Türkiye’nin sınır komşusu sığınmacılara kapısını açması insani açıdan doğru bir tutumdur. Yapılması gereken Suriyeli sığınmacılara insanca yaşayabilecekleri olanakları sağlamak ve plan çerçevesinde ülkelerine dönüşleri için uluslararası düzeyde çaba harcamak, barış için çalışmaktır.
Türkiye’de kurulan kampların kapasitesi 4 milyon sığınmacıyı barındırmak için yeterli değildir. Bu nedenle sığınmacılar çoğu büyük kentler olmak üzere çeşitli kentlerde yoğunlaştılar. Ancak, daha önceki yazımda konu ettiğim gibi Suriyelilerin yaşam koşullarına ilişkin CHP’nin Bilim Kurulu’nun hazırladığı rapordaki veriler içler acısıdır.
Bazı Suriyelilerin günlük yaşamda yarattıkları sorun, suç işleme, bulundukları mahallede huzuru bozan davranışları bir yana çoğunluğu zor şartlarda yaşam mücadelesi vermektedir. Sözünü ettiğim raporda yer aldığı gibi kadın ve çocukların koşulları çok daha ağırdır.
Bir diğer sorun, Suriyelilerin Kilis gibi Hatay gibi kentlerde giderek çoğunluk haline gelmeleridir. Durum, bu kentlerde demografik yapıyı değiştirecek, ekonomik ve sosyal yaşamı olumsuz etkileyecek, asayiş açısından da ileride tehdit oluşturacak boyutlara gelmiştir.
Hükümet bu sorunları çözemediği gibi bazı alanlarda sığınmacılara sağladığı “geçiş üstünlüğü, alt gelir grubunda yaşayan, iş bulmakta zorlanan Türk vatandaşlarına sağlanan olanakları daraltmakta ve bu da tepkiye neden olmaktadır.
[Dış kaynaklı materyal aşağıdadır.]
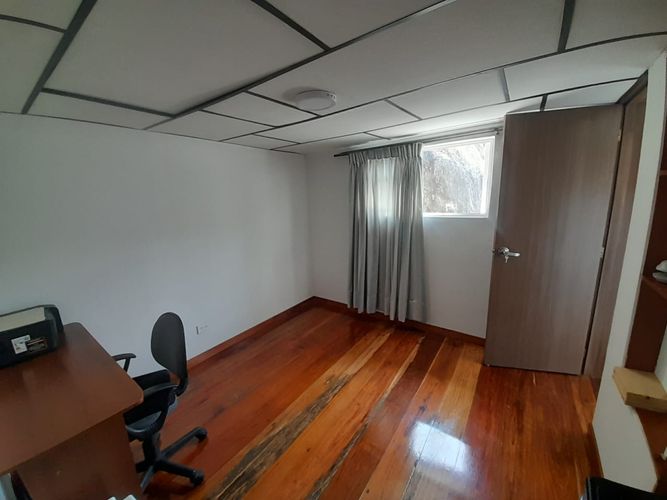 Casa de 6 alcobas en venta en La Primavera, Manizales, 300 m² · foto 13 de 24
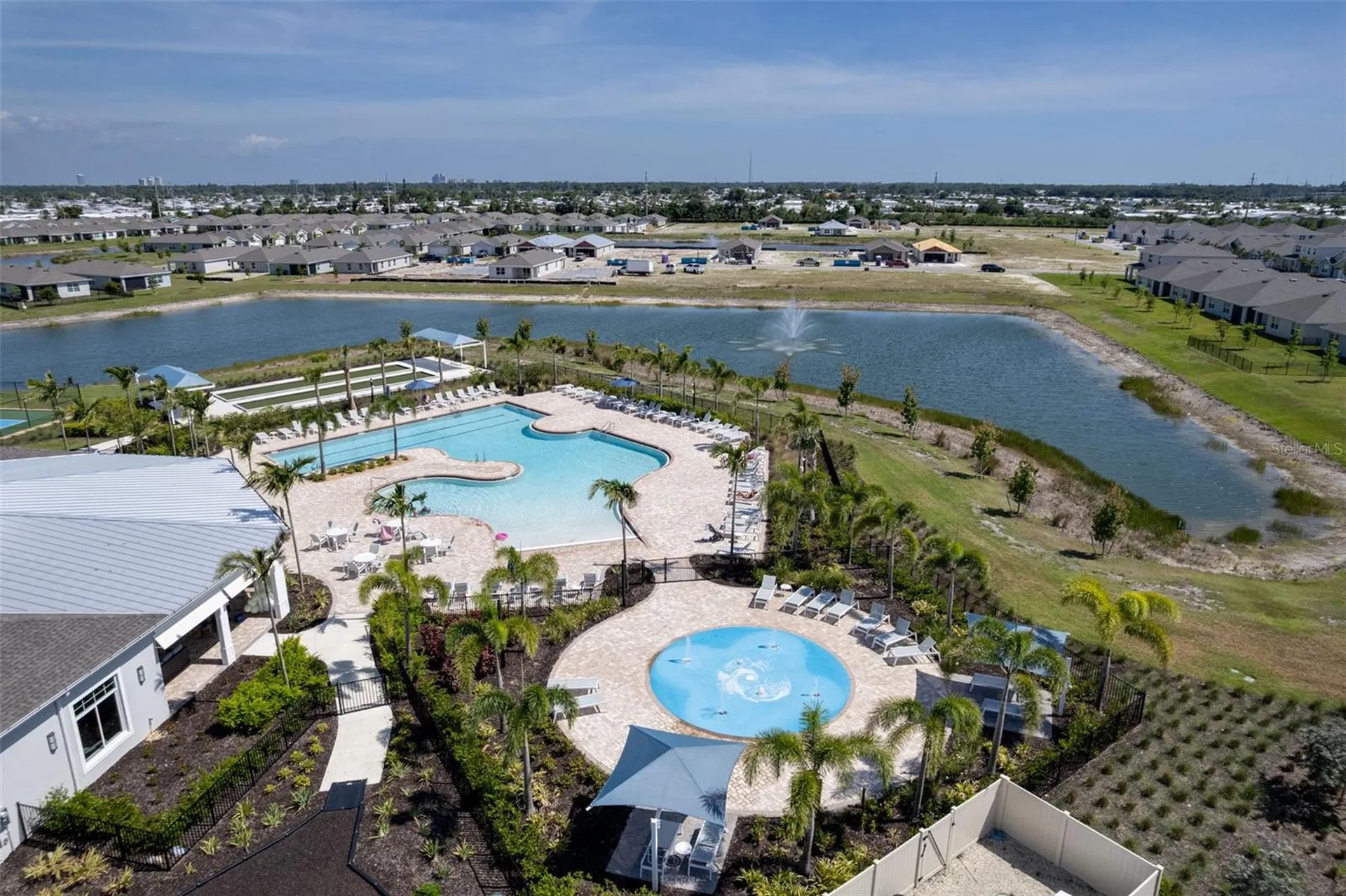 2608 Table Coral Trail North Fort Myers FL 33903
Hükümetin politikaları bu sorunları çözmediği gibi ümmet anlayışı içinde Türkiye’ye yerleşmelerinde bir sakınca görmediğini ortaya koyuyor. Nüfus artış hızı yüksek olan Suriyeli sığınmacıların birkaç yıl içinde daha büyük bir kitle olacağı açıktır. Suriye’ye göç edenlerin büyük çoğunluğu Suriye’nin kuzeyinde yerleşik olan Sünni Araplardır. İçlerinde radikal İslam’a destek veren, radikal terör örgütlerinin kolayca yeşerdikleri ortamlardan gelenler de vardır.
Bu açıdan bakıldığında iktidarın birkaç yıl içinde sığınmacıların Türk vatandaşlığına geçmelerini kolaylaştırması, bu insanları AK Parti’nin yedek oy deposu gibi yetiştirme hesabı yaptığı yönündeki kuşku muhalefet cephesinde giderek öne çıkmaktadır.
Suriyeli sığınmacıların nüfusuna bakıldığında iktidarın 31 Mart yerel seçimlerinde ülke genelinde kaybettiği oyu telafi edecek bir seçmen desteği çıkarmasının mümkün olduğu söylenebilir.
Böyle bir hesap yapılıyorsa bu, Türkiye’nin sığınmacılara insani olarak değil siyasi hesapla kapıları açtığı eleştirilerini haklı çıkarır ki bu Türkiye’yi zor duruma sokar.
Sığınmacı sorunu, emperyalist ülkelerin yol açtığı ve sonra da sonuçlarını üstlenmediği insanlık suçunun doğurduğu bir sorundur. Türkiye de soruna bu gözle bakmalı, insani amaçla elinden gelen yardımı yaparken, gelişmiş ülkeleri zorlamalıdır. Türkiye de sığınmacı sorununa ulusal bir sorun gözüyle bakmalı, partiler üstü bir yaklaşımla, muhalefetin de desteğini alarak yardımcı olmalı ve nihai olarak mutlaka ülkelerine dönmelerini hedeflemelidir.